The second patch aims to fix a flaw in Microsoft’s Core services. Microsoft XML Core Services (MSXML) includes what is called XMLHTTP ActiveX control, which allows web pages rendering in the browser to send or receive XML data via HTTP operations such as POST, GET, and PUT. The control provides security measures designed to restrict web pages so they can only use the control to request data from remote data sources.

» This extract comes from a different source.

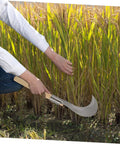 Person using Manganese Steel Long Handle Weeding Sickle for Grass Vines and Branches in garden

However, a flaw exists in how the XMLHTTP control applies IE security zone settings to a redirected data stream returned in response to a request for data from a web site. A vulnerability results because an attacker could seek to exploit this flaw and specify a data source that is on the user’s local system. The attacker could then use this to return information from the local system to the attacker’s web site.
An attacker would have to entice the user to a site under his control to exploit this vulnerability. It cannot be exploited by HTML email. In addition, the attacker would have to know the full path and file name of any file he would attempt to read. Finally, the vulnerability does not give an attacker any ability to add, change or delete data.
The third problem relates to the Commerce Server Web site.
By default, Commerce Server 2000 installs a dynamic-link library (DLL) with an ISAPI filter that allows the server to provide extended functionality in response to events on the server. This filter, called AuthFilter, provides support for a variety of authentication methods. Commerce Server 2000 can also be configured to use other authentication methods.
But a security vulnerability results because AuthFilter contains an unchecked buffer in a section of code that handles certain types of authentication requests. An attacker who provides authentication data that overruns the buffer may cause the Commerce Server process to fail, or may run code in the security context of the Commerce Server process.
The process runs with LocalSystem privileges, so exploiting the vulnerability may give the attacker complete control of the server.
Lastly, the SQL Server 2000 security fix aims to prevent an attacker running arbitrary code under the security context in which the SQL Server service is running.